TASK OBJECTIVE
Restate the listing below word for word. No picture belongs in the result.

INFORMATION SUPPLIED
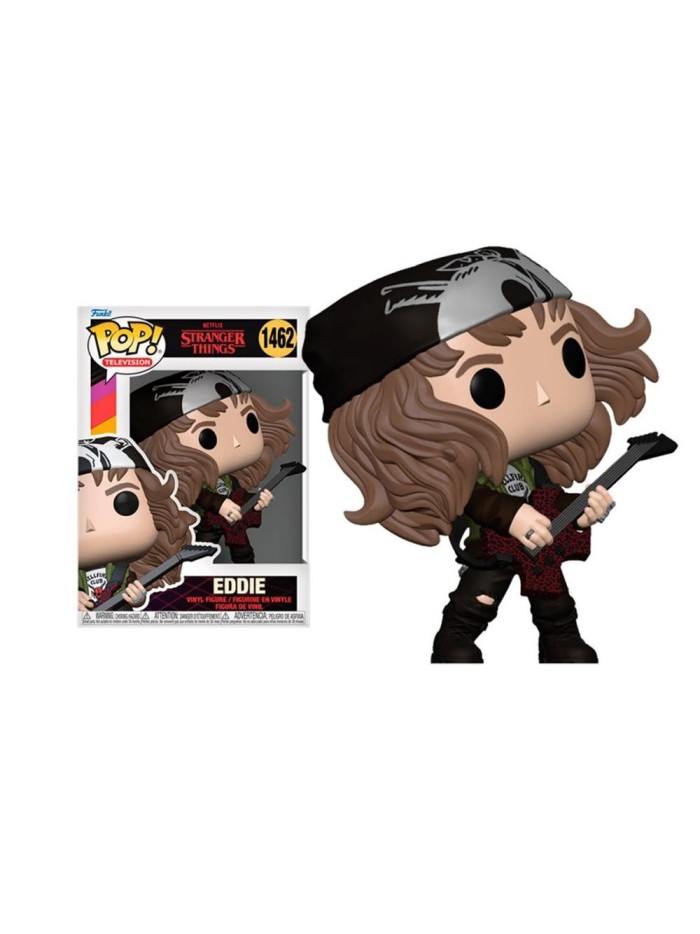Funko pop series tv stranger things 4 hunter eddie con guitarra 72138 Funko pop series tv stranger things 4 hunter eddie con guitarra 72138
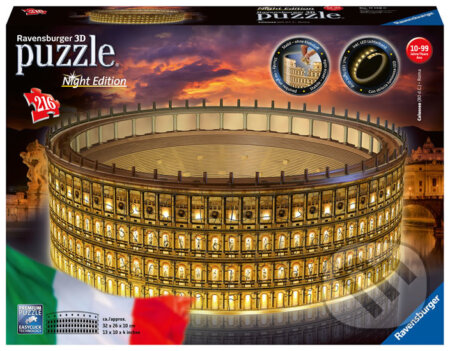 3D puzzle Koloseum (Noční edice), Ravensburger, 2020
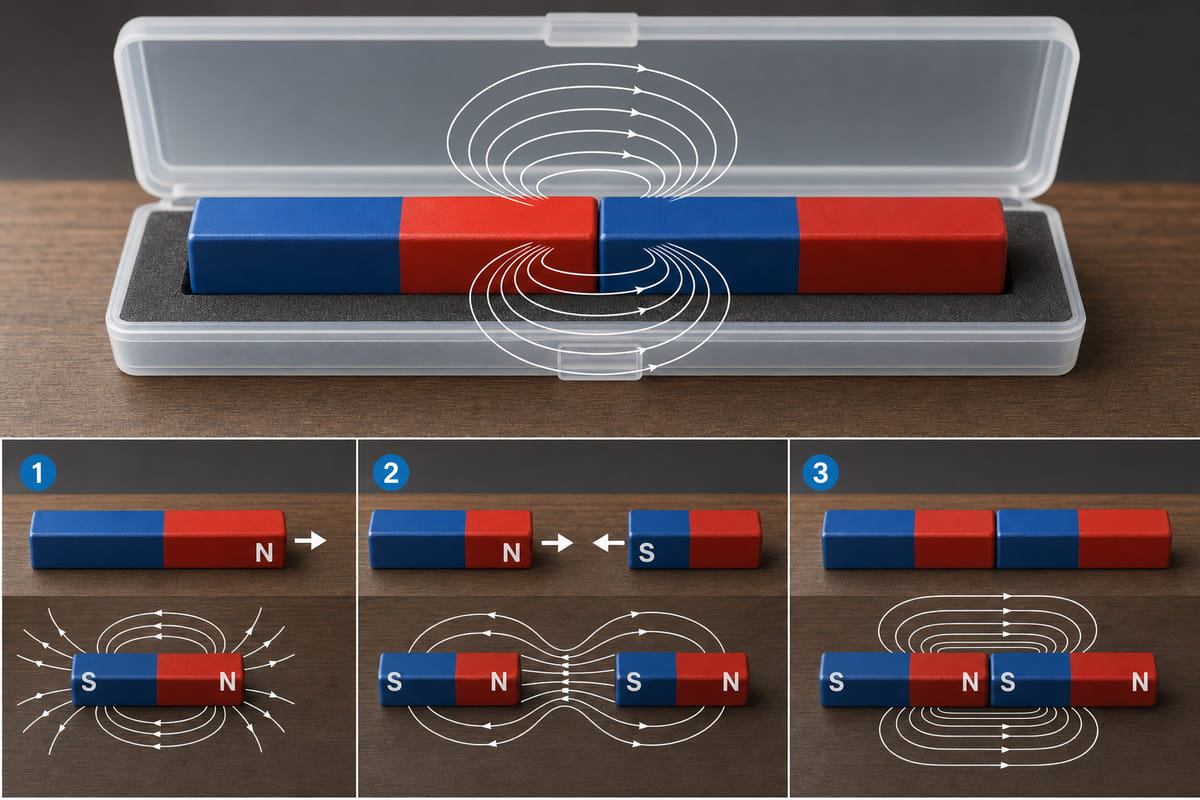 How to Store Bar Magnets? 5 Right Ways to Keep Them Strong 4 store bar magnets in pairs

ANSWER FOR THIS EXERCISE
Funko pop series tv stranger things 4 hunter eddie con guitarra 72138 Funko pop series tv stranger things 4 hunter eddie con guitarra 72138
 3D puzzle Koloseum (Noční edice), Ravensburger, 2020
 How to Store Bar Magnets? 5 Right Ways to Keep Them Strong 4 store bar magnets in pairs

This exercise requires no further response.